This NSF supported project is based around a community of social science researchers focused on tackling next-generational questions of Internet research using the Internet Archive (IA), the largest single record of the history of the World Wide Web, dating from 1995 to the present. The team is working together to: (1) develop the prototype tool, Archive Hub, as a powerful Internet research tool to support their research projects, and (2) create sample databases to demonstrate how to conduct research using archival Web data, particularly the longitudinal studies this historical record makes possible.
In the realm of social science, and across disciplines, archival Internet data represent a vast repository of untapped research potential. For public audiences, the Internet Archive repository has proved immensely popular; the public Wayback Machine (www.archive.org) interface to the Internet Archive serves 300,000 visitors a day, and more than 200 requests a second. Currently, the Internet Archive contains more than seven petabytes of data and offers a reliable historical record of Web sites dating from 1995 to the present. In terms of data availability, the Internet Archive is by far the largest digital source for historical research pertaining to the Web and its contents over time.

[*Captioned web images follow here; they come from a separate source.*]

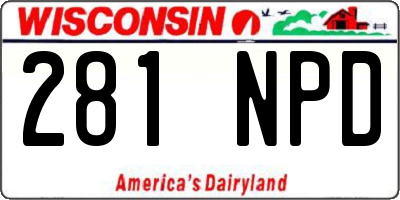 WI license plate 281NPD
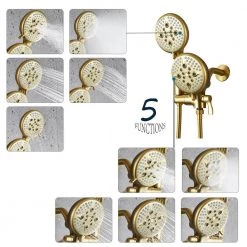 ELLO&ALLO Single-Handle 24-Spray Shower Faucet and Handheld Shower System with 5 in. Shower Head in Brushed Gold (Valve Included) -Bathroom Faucets Store brushed gold ello allo shower faucets es ng 1001 1f 1000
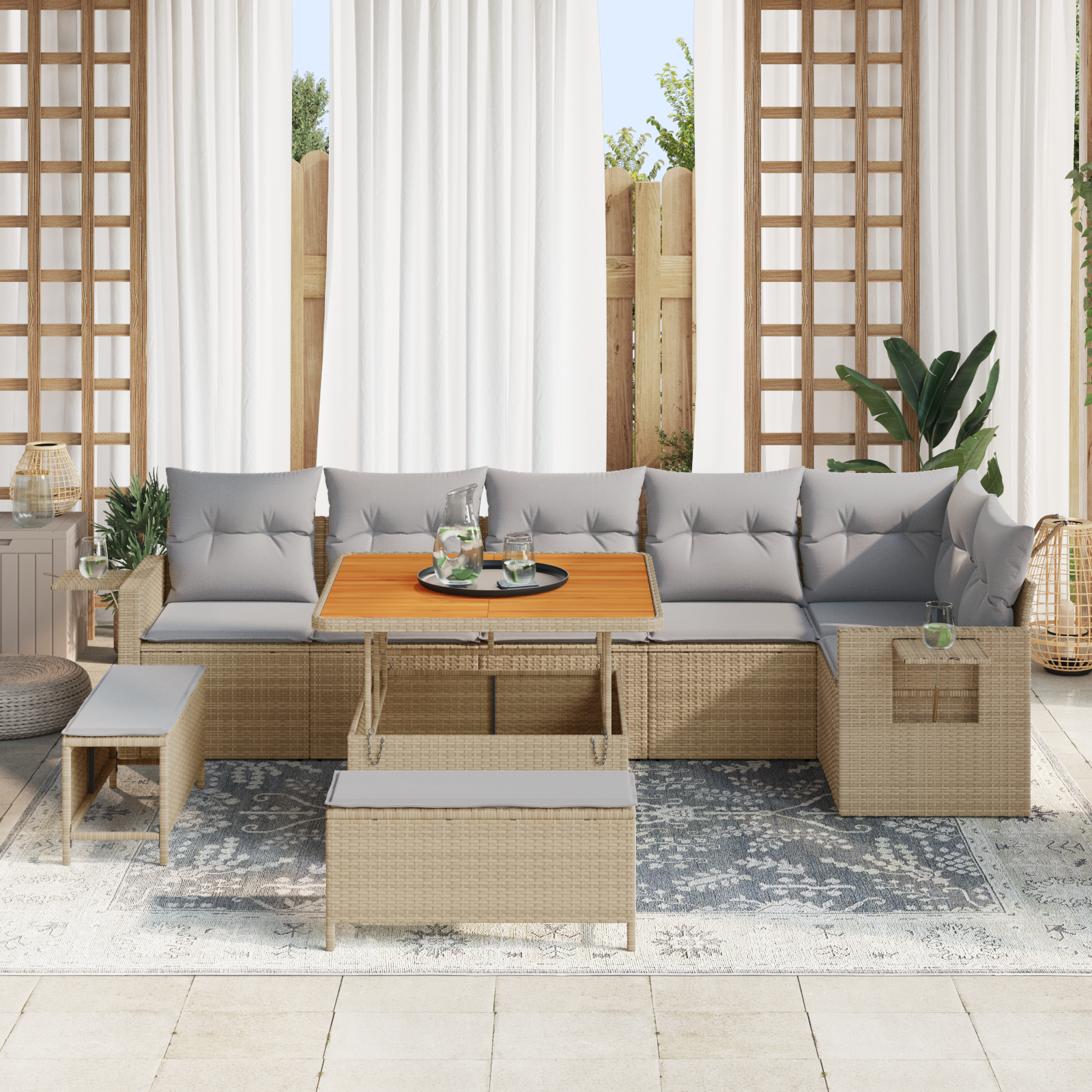 vidaXL 9-delige Tuinbankenset met kussens poly rattan acacia beige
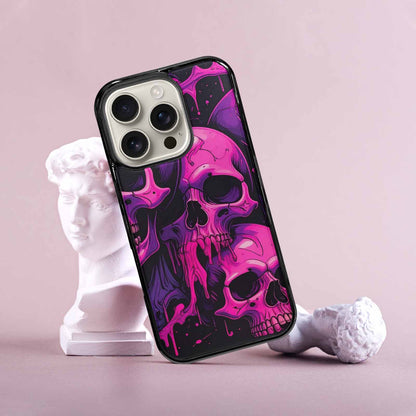 iPhone 16 Pro Case — Pink Purple Skeletons Neon Drip Melting, Unique Phone Case Design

Although IA contains billions of Web pages and has tremendous potential to facilitate research, research languishes because the search, crawl and extraction functions are severely limited. For example, to browse IA resources, one generally needs to know the target uniform resource locator (URL). A researcher cannot run a full-text search of the entire back history of the Web, nor are there facilities to download sets of related Web pages except for manual download. This reflects the current barriers to accessing large-scale data from the Internet Archive. Thus, a primary objective of this project is to tear down those barriers and simultaneously bring together a new community of researchers.
The mission of this project is to coalesce a community of social science researchers focused on tackling next-generational questions of Internet research using the Internet Archive (IA), the largest single record of the history of the World Wide Web, dating from 1995 to the present. ArchiveHub serves as our venue for gathering collective input, sharing updates, and ultimately publishing databases collected through the course of this research.